RE: xsl-fo first anniversary

> -----Original Message-----
> From: www-xsl-fo-request@w3.org [mailto:www-xsl-fo-request@w3.org] On 
> Behalf Of Éric Bischoff
> Sent: 18 October 2002 12:25
> To: David Carlisle
> Cc: > Subject: Re: xsl-fo first anniversary
> 
> Also, I have noticed that the learning curve is easier with XSL-FO 
> than with LaTex for complete beginners (if you keep them away from the 
> reference documents and point them to a good crash-course, of course).
> 


I've continually looked into TeX periodically over the past 20 years or so, mostly with decade-wide gaps inbetween each peeking. The latest time was probably the last, however, as it dawned on me that these TeX people are determined to 'tag' up their editorial in a manner pertaining to its eventual presentation, barely able to separate presentation from problem-space structure, and as said, mixing programming and styling in a most introverted manner. 

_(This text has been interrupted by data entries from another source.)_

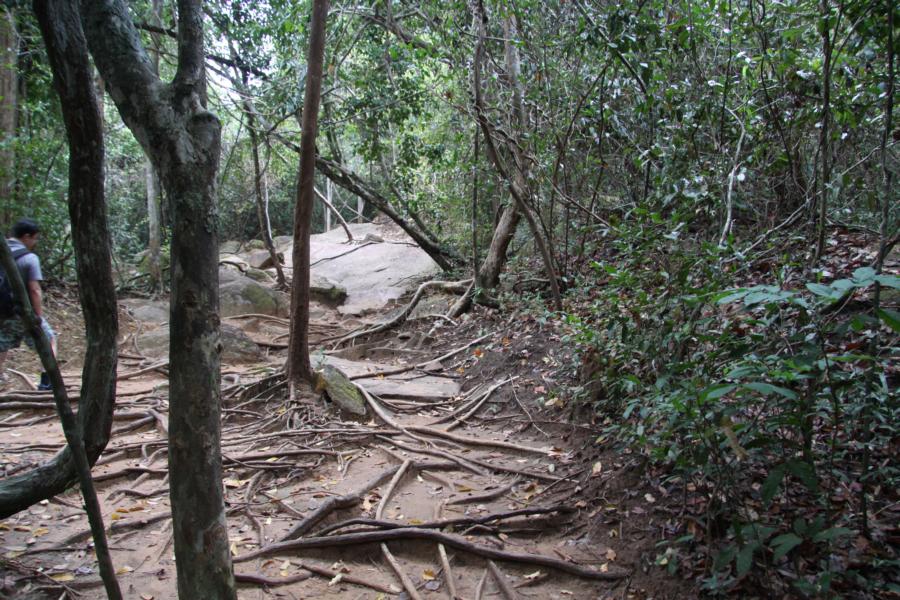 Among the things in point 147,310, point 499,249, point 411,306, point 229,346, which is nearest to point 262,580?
point 229,346

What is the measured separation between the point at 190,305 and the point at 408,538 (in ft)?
6.93

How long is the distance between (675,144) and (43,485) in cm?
518

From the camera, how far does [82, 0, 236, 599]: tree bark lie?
217 centimetres

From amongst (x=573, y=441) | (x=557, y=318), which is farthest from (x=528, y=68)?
(x=573, y=441)

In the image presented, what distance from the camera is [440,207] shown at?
1198 centimetres

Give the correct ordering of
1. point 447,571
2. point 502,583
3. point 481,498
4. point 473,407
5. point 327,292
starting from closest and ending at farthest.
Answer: point 502,583, point 447,571, point 481,498, point 473,407, point 327,292

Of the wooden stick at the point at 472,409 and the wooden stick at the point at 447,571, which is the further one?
the wooden stick at the point at 472,409

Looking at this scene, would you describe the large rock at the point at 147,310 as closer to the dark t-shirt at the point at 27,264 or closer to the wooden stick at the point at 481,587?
the dark t-shirt at the point at 27,264

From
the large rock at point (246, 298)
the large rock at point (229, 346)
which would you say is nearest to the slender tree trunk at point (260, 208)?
the large rock at point (246, 298)

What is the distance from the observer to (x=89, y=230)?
95.2 inches

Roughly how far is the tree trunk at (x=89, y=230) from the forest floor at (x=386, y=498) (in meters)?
1.23

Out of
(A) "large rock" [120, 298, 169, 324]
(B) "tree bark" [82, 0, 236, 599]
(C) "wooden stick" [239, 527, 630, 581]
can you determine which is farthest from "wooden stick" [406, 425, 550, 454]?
(A) "large rock" [120, 298, 169, 324]

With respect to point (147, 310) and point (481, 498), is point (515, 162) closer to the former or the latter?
point (481, 498)

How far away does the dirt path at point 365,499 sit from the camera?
3.21 meters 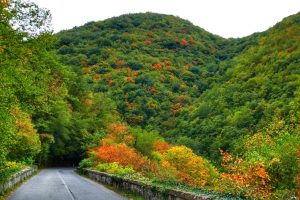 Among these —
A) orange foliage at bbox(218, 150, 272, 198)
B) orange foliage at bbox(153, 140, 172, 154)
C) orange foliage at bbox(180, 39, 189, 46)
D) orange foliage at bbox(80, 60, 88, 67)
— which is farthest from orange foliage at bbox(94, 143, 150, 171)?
orange foliage at bbox(180, 39, 189, 46)

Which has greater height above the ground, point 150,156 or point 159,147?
→ point 159,147

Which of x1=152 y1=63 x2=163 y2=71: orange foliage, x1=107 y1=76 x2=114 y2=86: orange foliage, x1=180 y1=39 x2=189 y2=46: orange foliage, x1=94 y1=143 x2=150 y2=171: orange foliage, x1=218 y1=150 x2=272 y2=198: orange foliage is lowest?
x1=94 y1=143 x2=150 y2=171: orange foliage

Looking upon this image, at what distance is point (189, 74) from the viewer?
10425cm

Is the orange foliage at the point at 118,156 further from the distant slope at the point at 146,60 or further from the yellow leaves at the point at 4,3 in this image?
the distant slope at the point at 146,60

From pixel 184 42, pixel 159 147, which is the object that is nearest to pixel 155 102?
pixel 159 147

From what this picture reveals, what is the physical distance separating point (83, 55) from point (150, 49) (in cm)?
2151

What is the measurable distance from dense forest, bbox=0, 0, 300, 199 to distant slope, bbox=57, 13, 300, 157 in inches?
11.9

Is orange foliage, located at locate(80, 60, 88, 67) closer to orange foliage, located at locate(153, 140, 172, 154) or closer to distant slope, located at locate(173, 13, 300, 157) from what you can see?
distant slope, located at locate(173, 13, 300, 157)

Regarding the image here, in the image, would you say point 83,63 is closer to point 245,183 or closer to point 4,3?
point 4,3

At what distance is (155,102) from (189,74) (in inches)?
652

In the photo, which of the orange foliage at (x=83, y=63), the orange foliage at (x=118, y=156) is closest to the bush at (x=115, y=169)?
the orange foliage at (x=118, y=156)

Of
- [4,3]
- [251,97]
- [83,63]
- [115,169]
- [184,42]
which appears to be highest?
[184,42]

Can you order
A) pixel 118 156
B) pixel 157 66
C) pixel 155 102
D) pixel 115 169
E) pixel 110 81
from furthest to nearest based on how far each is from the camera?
pixel 157 66
pixel 110 81
pixel 155 102
pixel 118 156
pixel 115 169

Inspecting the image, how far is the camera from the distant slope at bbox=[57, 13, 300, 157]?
6788 cm
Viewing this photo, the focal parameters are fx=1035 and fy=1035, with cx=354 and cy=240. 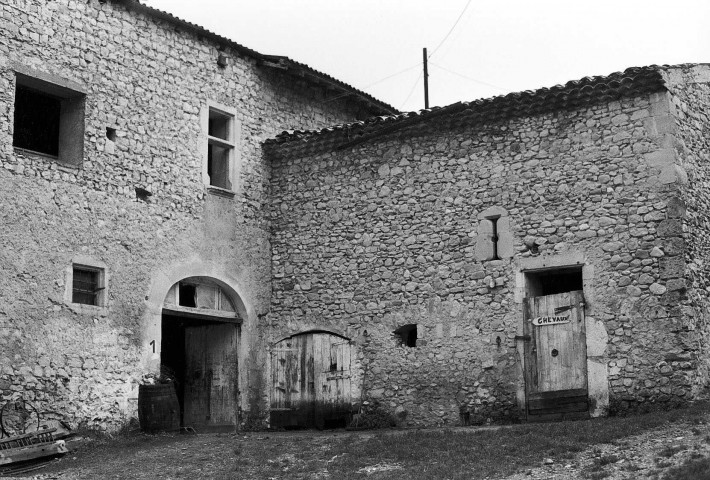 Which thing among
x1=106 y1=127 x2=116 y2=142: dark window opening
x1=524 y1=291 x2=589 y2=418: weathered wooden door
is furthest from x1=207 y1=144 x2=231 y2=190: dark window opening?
x1=524 y1=291 x2=589 y2=418: weathered wooden door

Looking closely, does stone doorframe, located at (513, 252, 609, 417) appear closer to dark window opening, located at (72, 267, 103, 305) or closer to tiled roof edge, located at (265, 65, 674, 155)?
tiled roof edge, located at (265, 65, 674, 155)

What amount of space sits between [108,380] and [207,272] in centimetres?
271

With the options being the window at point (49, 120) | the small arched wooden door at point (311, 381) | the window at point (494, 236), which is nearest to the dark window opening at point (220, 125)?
the window at point (49, 120)

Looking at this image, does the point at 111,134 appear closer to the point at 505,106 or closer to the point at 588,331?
the point at 505,106

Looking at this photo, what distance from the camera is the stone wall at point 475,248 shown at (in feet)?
48.4

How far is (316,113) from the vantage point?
65.2 feet

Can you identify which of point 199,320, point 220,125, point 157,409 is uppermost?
point 220,125

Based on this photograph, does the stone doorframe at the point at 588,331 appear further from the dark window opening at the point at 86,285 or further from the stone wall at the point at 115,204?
the dark window opening at the point at 86,285

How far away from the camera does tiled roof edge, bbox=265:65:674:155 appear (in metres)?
15.1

More frightening than the desire to pre-empt the layout designer's job even before the editorial has been finished writing, is the tendency for TeX documents to be the product of one person's pursuits. That is, these people largely are not in the professional publishing reality where an editor will commission authors, photographers and illustrators, when the copy and pix come in the editor will work on it, the subeditor will make it fit and still make sense, and the designer will lay it all out and make it look like it should. 

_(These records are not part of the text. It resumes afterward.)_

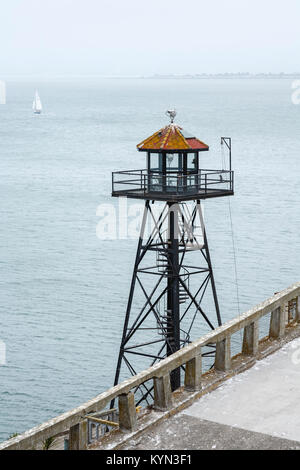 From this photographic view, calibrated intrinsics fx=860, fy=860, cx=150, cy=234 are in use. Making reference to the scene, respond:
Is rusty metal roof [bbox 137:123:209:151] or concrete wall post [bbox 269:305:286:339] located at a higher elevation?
rusty metal roof [bbox 137:123:209:151]

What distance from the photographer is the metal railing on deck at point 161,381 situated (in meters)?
9.56

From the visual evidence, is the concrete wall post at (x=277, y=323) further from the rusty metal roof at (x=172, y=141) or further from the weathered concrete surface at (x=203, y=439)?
the rusty metal roof at (x=172, y=141)

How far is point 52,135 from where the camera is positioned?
18588 centimetres

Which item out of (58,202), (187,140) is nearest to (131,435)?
(187,140)

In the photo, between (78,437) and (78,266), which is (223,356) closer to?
(78,437)

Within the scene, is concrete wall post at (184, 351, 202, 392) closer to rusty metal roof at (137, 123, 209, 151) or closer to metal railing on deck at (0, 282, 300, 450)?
metal railing on deck at (0, 282, 300, 450)

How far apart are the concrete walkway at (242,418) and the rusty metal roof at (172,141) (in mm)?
13530

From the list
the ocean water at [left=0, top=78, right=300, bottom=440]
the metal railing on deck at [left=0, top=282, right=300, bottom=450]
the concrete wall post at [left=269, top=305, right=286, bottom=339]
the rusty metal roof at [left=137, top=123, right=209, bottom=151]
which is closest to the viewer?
the metal railing on deck at [left=0, top=282, right=300, bottom=450]

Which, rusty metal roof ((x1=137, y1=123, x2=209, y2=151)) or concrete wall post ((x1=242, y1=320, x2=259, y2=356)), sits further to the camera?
rusty metal roof ((x1=137, y1=123, x2=209, y2=151))

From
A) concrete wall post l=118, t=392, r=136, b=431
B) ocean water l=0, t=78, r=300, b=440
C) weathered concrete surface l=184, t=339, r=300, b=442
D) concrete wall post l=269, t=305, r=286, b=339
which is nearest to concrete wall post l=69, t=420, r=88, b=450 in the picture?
concrete wall post l=118, t=392, r=136, b=431

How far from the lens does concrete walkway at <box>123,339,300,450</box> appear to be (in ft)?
33.7

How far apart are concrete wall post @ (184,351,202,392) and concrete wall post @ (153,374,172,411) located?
71cm

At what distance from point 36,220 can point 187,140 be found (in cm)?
5150

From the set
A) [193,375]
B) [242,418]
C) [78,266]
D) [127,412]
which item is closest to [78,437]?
[127,412] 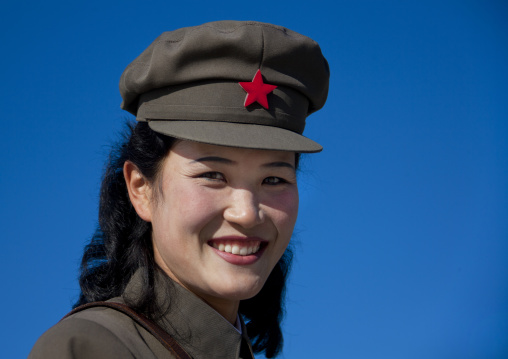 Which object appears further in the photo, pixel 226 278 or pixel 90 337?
pixel 226 278

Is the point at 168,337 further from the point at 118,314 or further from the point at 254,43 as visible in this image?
the point at 254,43

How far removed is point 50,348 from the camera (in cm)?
193

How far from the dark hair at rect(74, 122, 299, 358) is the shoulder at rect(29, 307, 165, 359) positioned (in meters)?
0.16

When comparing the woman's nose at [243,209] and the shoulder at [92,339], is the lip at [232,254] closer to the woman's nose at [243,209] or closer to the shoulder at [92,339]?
the woman's nose at [243,209]

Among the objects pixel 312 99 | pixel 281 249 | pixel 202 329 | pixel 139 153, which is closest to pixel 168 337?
pixel 202 329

TeX tends to pre-empt all these stages, so is ideally suited to a 'one man band' approach, where one person is responsible for the document from start to finished sheets of paper. Can't see where it would fit into 'proper' magazine publishing workflow, though, without losing a lot of what the author might have though useful, and conversely, having to 'tag up' a lot of stuff that is now rendered meaningless. In my opinion, a very important step in publishing is the act of 'tagging up' all the copy, right up front. But with what vocabulary? TeX isn't it, and most authors (at least most real ones - not talking about academics here) wouldn't have the inclination to do TeX justice - it seems more a way of life than a markup stage. (I hear the same sort of thing about LISP now and then - probably the same mindset at work, come to think of it).